Perhaps the most telling Vader spoof, for an aging generation of parents who’d grown up on Star Wars, is Jeffrey Brown’s New York Times best-selling volumes, Darth Vader and Son (2012) and Vader’s Little Princess (2013). This was Vader at his most mundane, facing the challenges of single parenthood with Luke and Leia respectively in a series of heartwarming cartoons. Every modern mom or dad who’d identified with Luke or Leia in the 1970s, only to grow up and find themselves the Vaders of their households, could relate.
When everyone wants in on the joke, an
d the source material is this widely recognized, what you get is endless iterations of everything the franchise could possibly be. The first Star Wars spoof to win a Primetime Emmy—the epic Star Wars Uncut—could not have been more collaborative. The brainchild of twenty-six-year-old web developer Casey Pugh, Star Wars Uncut chopped the original movie into 473 segments lasting fifteen seconds each and then let fans sign up online to reshoot each segment in their own way—each with the no-budget earnestness of Hardware Wars, and each given roughly the same amount of time to shoot it (thirty days). It was so heavily oversubscribed that Pugh added an extra step, letting fans vote on the best versions of each segment. Stitch them together, and you get two hours of nonstop gut-busting hilarity—humor born of the shock of recognition (it’s basically the same movie) as well as the gleefully earnest recreations by delightful amateurs.*
So there are certain common elements in this litany of Star Wars spoofs. They either add to the myth in some subtle, subversive way, or they lovingly replicate it; they add a layer of something else in pop culture or put Star Wars concepts in incongruous, mundane situations. But the idea of Star Wars is always respected. The franchise’s reality is unsullied; if anything, it is boosted by the flattery. Star Wars, it turns out, is a broad church, able to absorb all laughter.
Is any comedian truly capable of getting under the skin of Star Wars, skewering it more than wallowing in a version of it? There have been a few attempts. In 2007, a couple of friends with animated TV shows—Seth McFarlane, creator of Family Guy, and Seth Green, cocreator of Cartoon Network’s Robot Chicken—began to use their respective platforms to produce some epic Star Wars meta-next-level spoofs. It’s fair to say Green had the idea first (as his character, Chris, complains on the Family Guy spoof, “Blue Harvest”*).
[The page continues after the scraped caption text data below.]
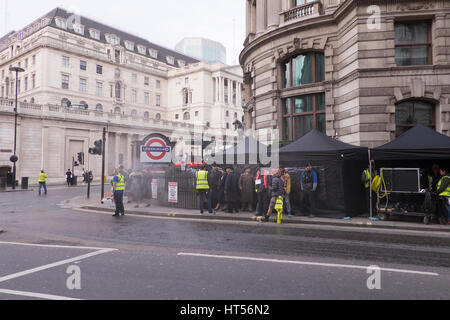 Riprese di Mary Poppins intorno a Banca a Londra Inghilterra Foto Stock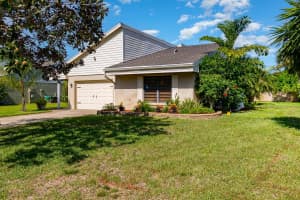214 Shangri La Cir, Edgewater, FL 32132, Sold 12/27/24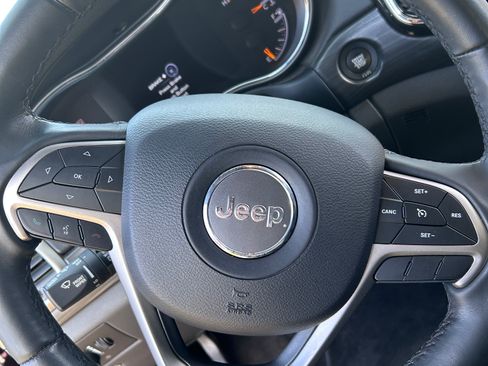 Used 2019 Jeep Grand Cherokee Laredo w/ 18" Wheel & 8.4" Radio Group image 13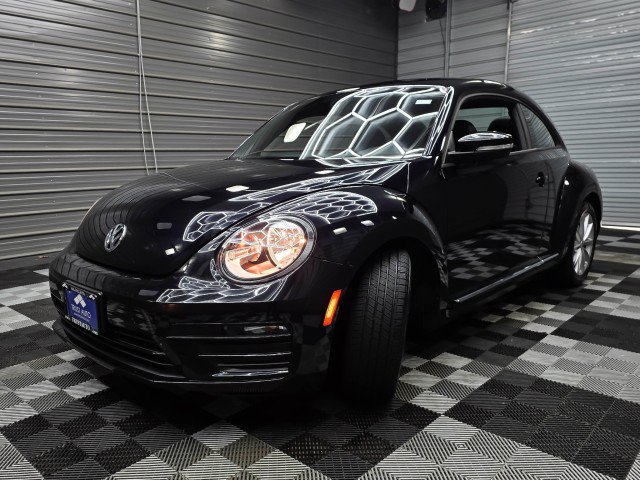 Used 2018 Volkswagen Beetle 2.0T S w/ Style & Comfort Package For S FWD image 34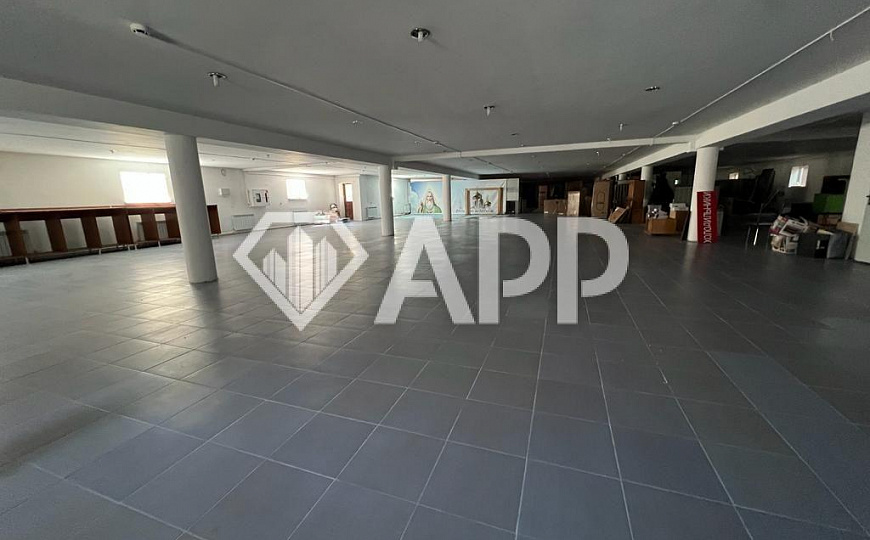 Сдам помещение свободного назначения, 940 м² фото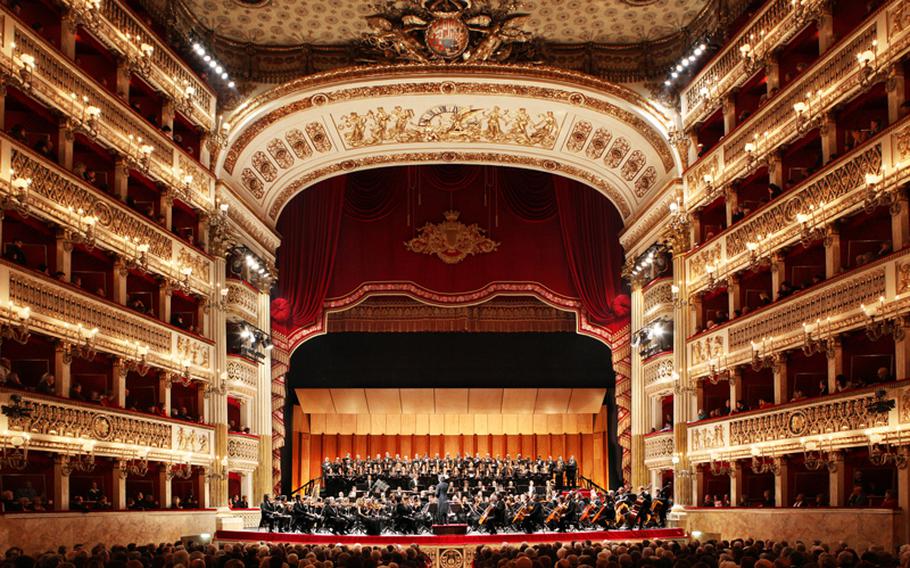 Il Teatro di San Carlo offers the orchestra a dazzling place to perform and provides audiences in Naples, Italy, an opportunity to have an elegant evening of entertainment.


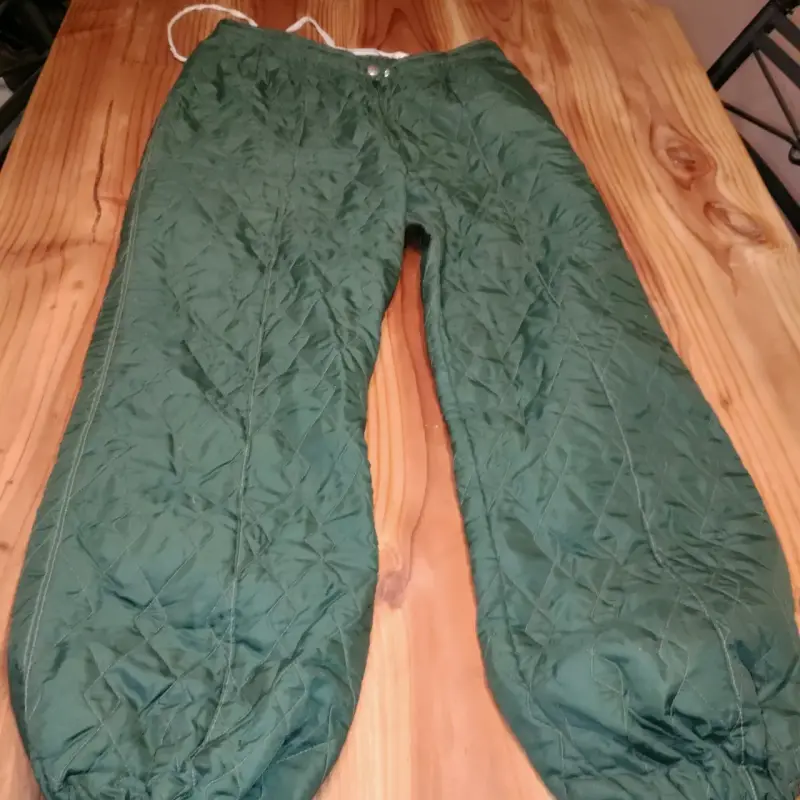Pantalones acolchados verdes para invierno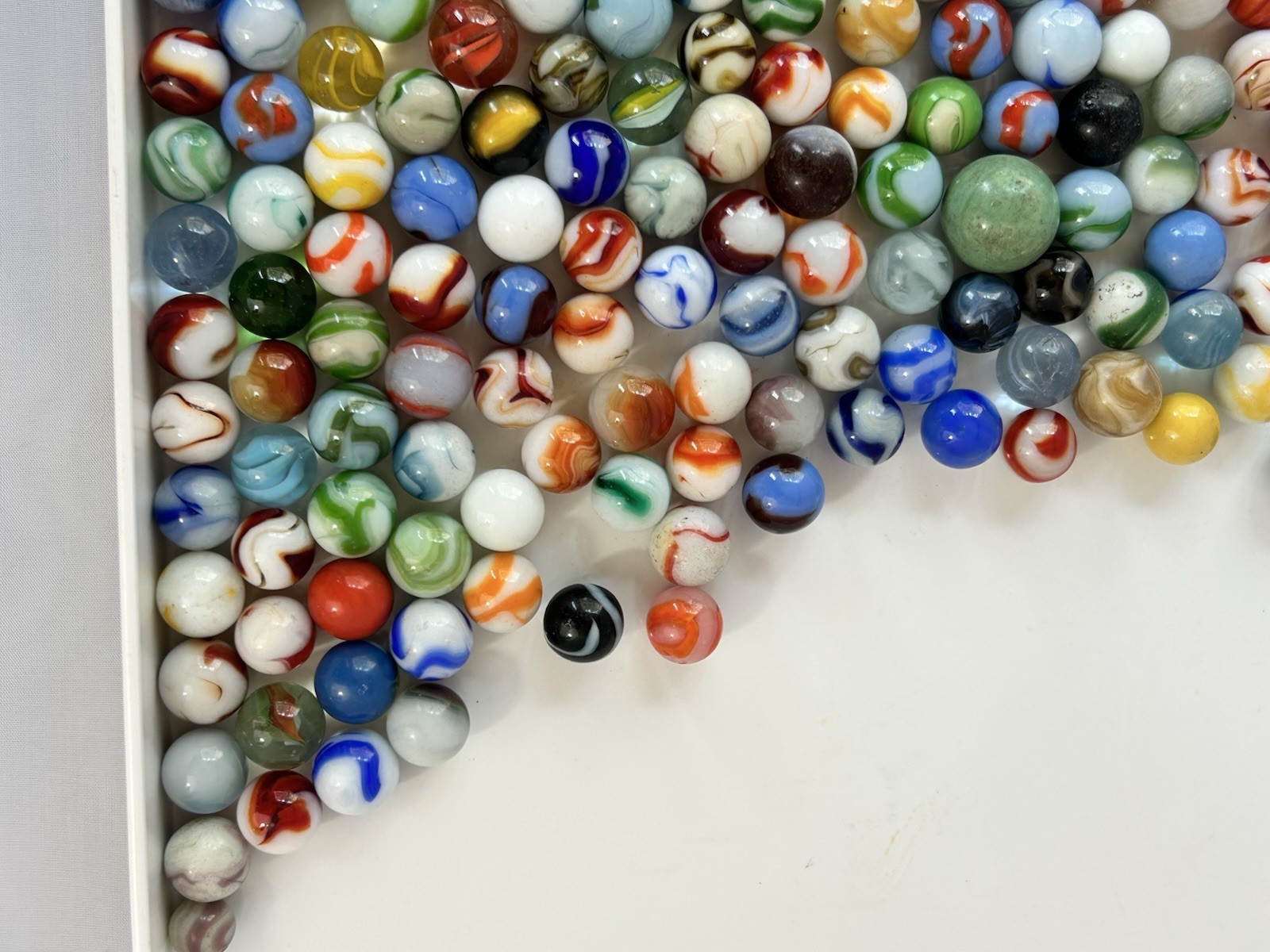 339 Vintage Glass Marbles Lot Includes UV Reactive Uranium & Cadmium Marbles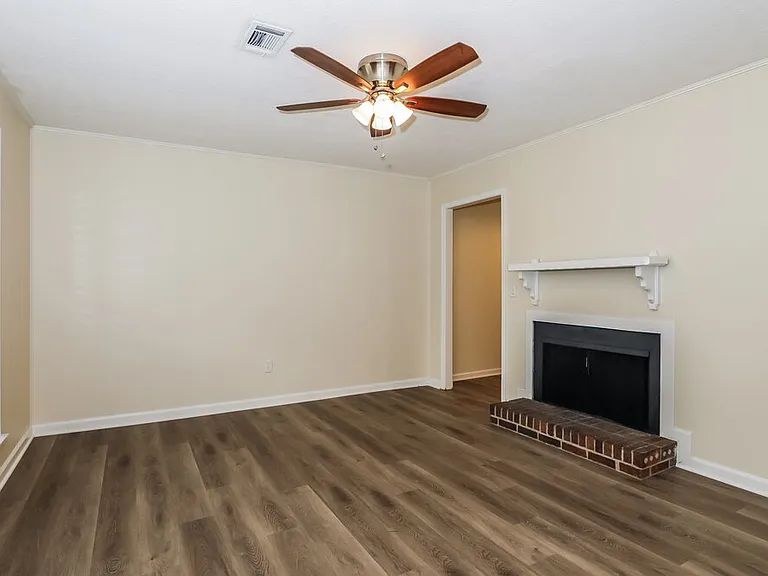 5 Silverwood Dr — Photo 4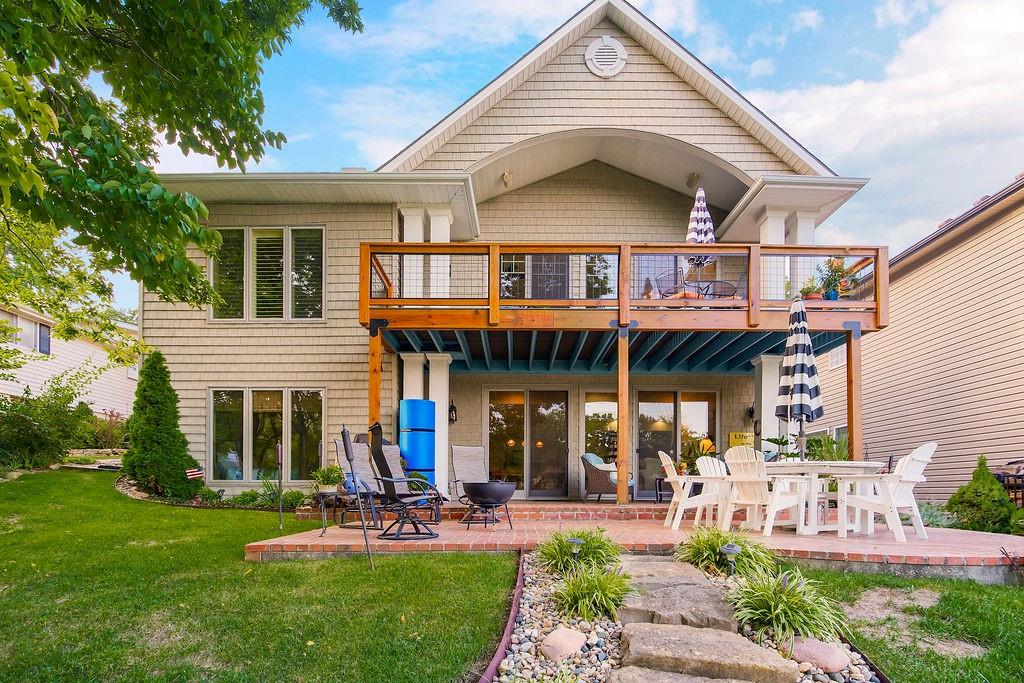 631 North Shore Drive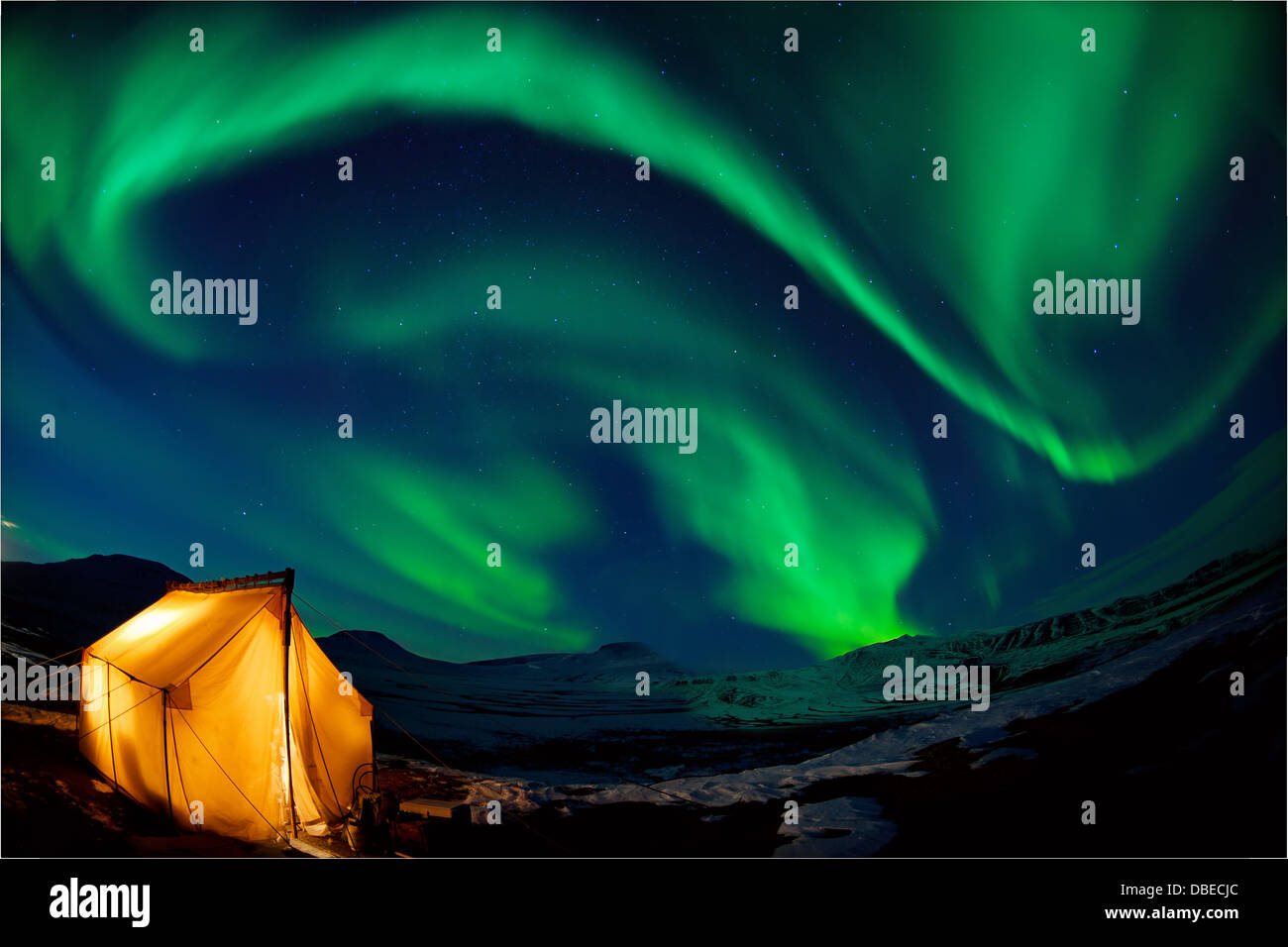 Camping in the north with the northern lights overhead (Aurora Borealis) Stock Photo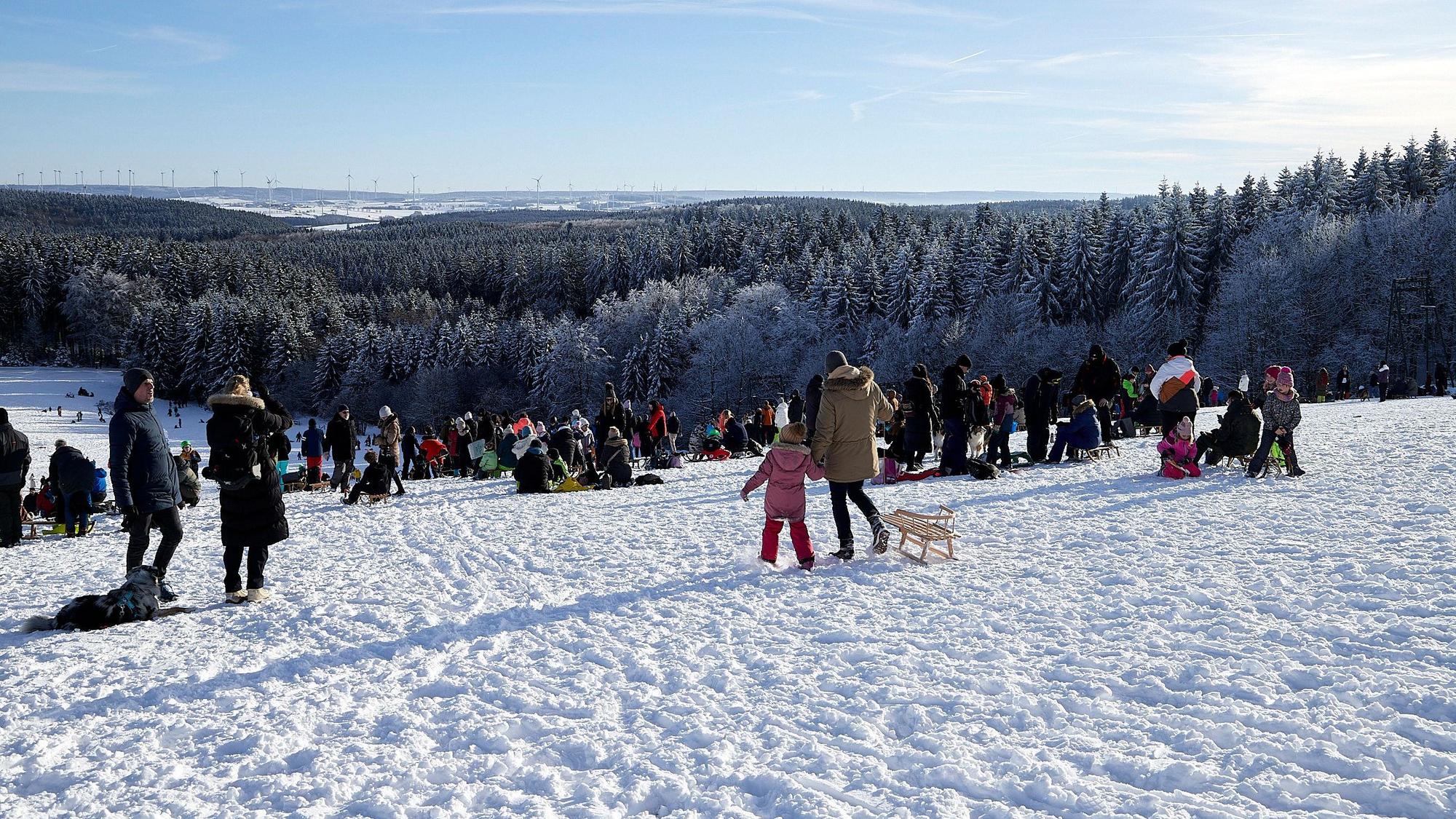 Bei gutem Wetter herrscht viel Betrieb am Rodelberg im Freizeitgebiet Weißer Stein in der Eifel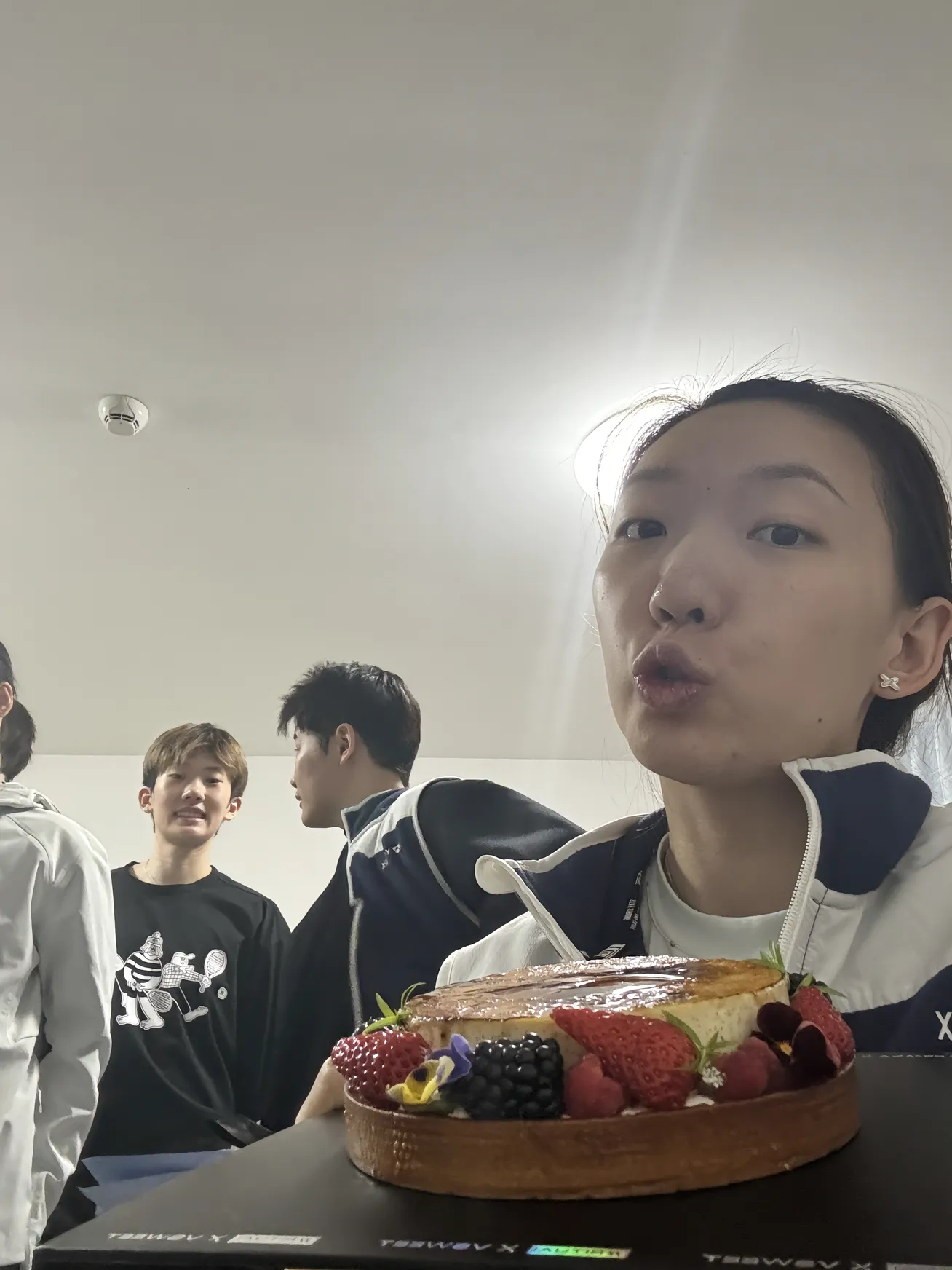 张殊贤🫘更新：祝两位美女宝贝生日快乐🥳🥳🥳 4.18👏🏻好吃 会买 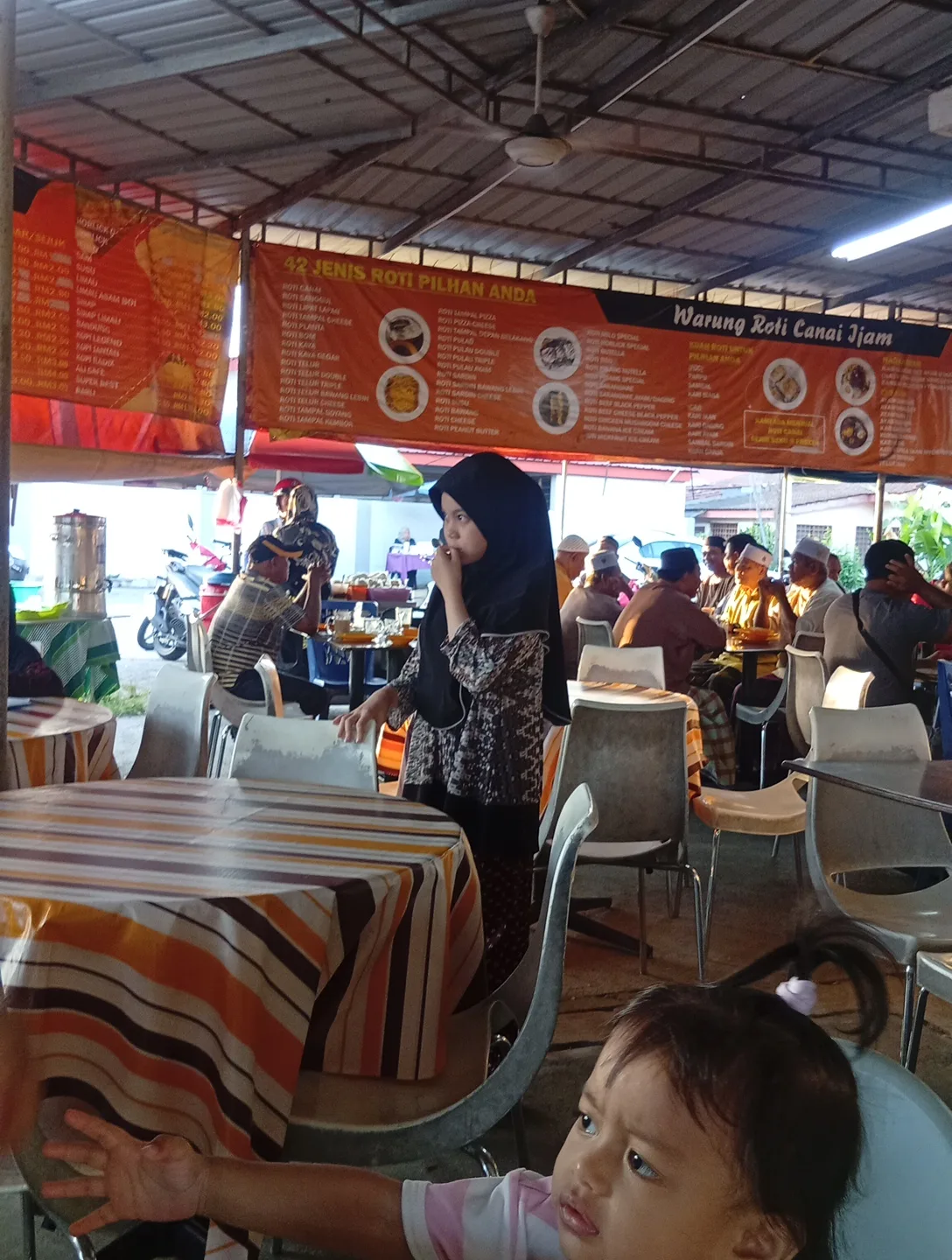 Warung Roti Canai Ijam — interior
It’s also fair to say, as McFarlane’s character shoots back, that Family Guy has the larger viewership.
“Blue Harvest,” which got the greatest audience share of any Family Guy episode to date, goes the route of layering its Griffin family humor over a Star Wars animated homage. It does have a few moments of true satire—such as the opening crawl, which marvelously manages to both spoil and belittle the entire classic trilogy:
It is a time of civil war, and renegade paragraphs floating through space.
There’s cool space battles, and the bad guy is the good guy’s dad, but you don’t find that out ’til the next episode.
And the hot chick is really the sister of the good guy, but they don’t know it, and they kiss. Which is kind of messed up. I mean, what if they had done it instead of just kissed?
After that, there is the occasional joke aimed squarely at the holes in Star Wars logic, such as the laser operators on the Star Destroyer who let R2-D2 and 3-CPO’s escape pod go because there were no life forms on board: “Hold your fire? What, are we paying by the laser now?” But McFarlane seems to lose interest in attacking the franchise at that point, falling back on his usual winning blend of toilet humor and pop culture callbacks. His Star Wars references for most of the feature-length episode consist of lovingly recreated, animated homages to iconic special effects scenes from the movie, such as the Millennium Falcon taking off from Mos Eisley. One of the most irreverent popular satirists of our age, it turned out, could little more attack the franchise than throw a chair through a stained-glass window. For the “Blue Harvest” DVD release, McFarlane traveled to Skywalker Ranch and conducted an unusually fawning interview with Lucas.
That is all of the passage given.